Auch beim Fernverkehr sind die baustellenbedingten und somit planbaren Ausfälle enthalten. Die hohe Zahl Komplettausfälle 2014 geht übrigens zu einem großen Teil auch auf die insgesamt 6 Streikwellen in diesem Jahr zurück.
Abbildung 13: Im Fernverkehr können Sie eine steigende Tendenz an Zugausfallen im Verlauf der elf betrachteten Jahre erkennen. Es wird auch deutlich, dass die Zahl der Teilausfälle (orange Linie) um ein Mehrfaches über den Komplettausfällen (blaue Linie) liegt.53 [Copyright Frank Hole]
Anhand der bisher dargestellten Daten ist ersichtlich, dass sich ein genauer Blick lohnt. Je nach Linie und Jahreszeit ist die Zuverlässigkeit sehr differenziert zu sehen – keinesfalls sind alle Linien so katastrophal, wie es oft dargestellt wird, noch helfen bahnweite Durchschnittswerte, um die eigene Betroffenheit vorherzusagen.
2.4.7 Perspektiven
Die Zahl der Zugausfälle ist von vielen Faktoren abhängig. Auf der einen Seite gibt es Einflüsse, die diese Zahl nach oben treiben: Deutlich erhöhte Baustellentätigkeit, deutlich steigende Zugzahlen, Einsatz neuer Baureihen mit „Kinderkrankheiten“ oder Lokführermangel sind einige der wichtigsten. Andererseits greifen Maßnahmen wie optimierte Baustellendurchführung, leistungsfähigere Leit- und Sicherungstechnik, punktuell und teilweise auch streckenbezogen größere Spielräume auf der Seite der Infrastruktur und verbesserter Vegetationsschnitt.
Ein Teil dieser Maßnahmen wirkt mittel- bis langfristig, ein Teil umgehend oder kurzfristig. Die größten Auswirkungen sind jeweils lokal auf Ebene von Strecken oder Linien, idealerweise auch regional auf Netzebene zu sehen. Dazu drei Beispiele:
• In München wird derzeit mitten durch die City die zweite Stammstrecke für die S-Bahn gebaut, ein Großprojekt, das unter anderem dafür sorgen soll, die Betriebsqualität für alle S-Bahnlinien mittels zweier zusätzlicher Gleise deutlich zu verbessern. Dadurch soll die Wahrscheinlichkeit von Zugausfällen deutlich verringert und die Pünktlichkeit verbessert werden. Mit Inbetriebnahme dieses Projekts wird in allererster Linie ein positiver Effekt auf das gesamte Netz der S-Bahn München ausgehen.

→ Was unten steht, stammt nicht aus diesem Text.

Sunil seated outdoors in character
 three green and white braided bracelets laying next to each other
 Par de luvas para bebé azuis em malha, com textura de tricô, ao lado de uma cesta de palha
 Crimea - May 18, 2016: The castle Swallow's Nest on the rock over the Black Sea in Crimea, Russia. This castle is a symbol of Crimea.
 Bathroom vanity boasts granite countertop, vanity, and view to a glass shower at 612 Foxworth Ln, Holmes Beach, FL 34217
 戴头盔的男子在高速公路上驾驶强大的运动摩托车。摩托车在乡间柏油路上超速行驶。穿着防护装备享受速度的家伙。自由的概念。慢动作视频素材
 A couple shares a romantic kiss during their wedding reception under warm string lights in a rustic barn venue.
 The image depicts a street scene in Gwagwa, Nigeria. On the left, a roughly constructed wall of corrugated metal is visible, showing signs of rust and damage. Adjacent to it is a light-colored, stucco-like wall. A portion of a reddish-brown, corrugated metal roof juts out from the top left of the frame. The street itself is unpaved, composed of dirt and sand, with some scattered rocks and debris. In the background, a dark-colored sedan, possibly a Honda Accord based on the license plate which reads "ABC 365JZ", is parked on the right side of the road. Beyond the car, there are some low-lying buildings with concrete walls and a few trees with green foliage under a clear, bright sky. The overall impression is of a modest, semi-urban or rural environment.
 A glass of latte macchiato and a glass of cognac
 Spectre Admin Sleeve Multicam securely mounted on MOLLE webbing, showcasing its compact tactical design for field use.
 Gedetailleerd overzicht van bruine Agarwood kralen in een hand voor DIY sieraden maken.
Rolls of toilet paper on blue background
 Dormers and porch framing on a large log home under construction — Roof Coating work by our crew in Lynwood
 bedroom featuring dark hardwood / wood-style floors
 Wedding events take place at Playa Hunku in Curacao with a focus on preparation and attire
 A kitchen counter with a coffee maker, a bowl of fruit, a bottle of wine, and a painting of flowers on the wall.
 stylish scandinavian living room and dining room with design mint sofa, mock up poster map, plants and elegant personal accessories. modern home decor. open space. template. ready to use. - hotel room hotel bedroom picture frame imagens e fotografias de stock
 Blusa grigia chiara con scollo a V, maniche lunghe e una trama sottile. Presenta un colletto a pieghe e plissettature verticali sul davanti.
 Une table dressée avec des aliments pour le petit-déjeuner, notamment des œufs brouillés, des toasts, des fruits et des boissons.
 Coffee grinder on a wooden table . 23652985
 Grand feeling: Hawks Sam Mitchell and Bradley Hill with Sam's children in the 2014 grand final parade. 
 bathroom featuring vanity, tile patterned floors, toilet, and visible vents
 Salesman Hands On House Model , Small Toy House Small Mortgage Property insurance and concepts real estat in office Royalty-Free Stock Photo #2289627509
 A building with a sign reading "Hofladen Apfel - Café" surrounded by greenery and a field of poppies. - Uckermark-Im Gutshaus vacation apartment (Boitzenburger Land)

Doch auch der Regionalverkehr wird auf einigen Mischverkehrstrecken z. B. Richtung Freising oder Markt Schwaben profitieren, wenn sich das störanfällige und überlastete S-Bahnsystem stabilisiert. Es ist damit zu rechnen, wenn auch in deutlich abgeschwächter Form, dass benachbarte Knotenbahnhöfe wie Regensburg oder Mühldorf ebenfalls einen Nutzen von der zweiten Stammstrecke haben. Im allerweitesten Sinne könnten auch die durch Regensburg und Rosenheim verlaufenden Fernverkehrslinien einen indirekten Nutzen von einem zuverlässigeren Regionalverkehr haben, doch diese Effekte werden dann kaum noch messbar sein.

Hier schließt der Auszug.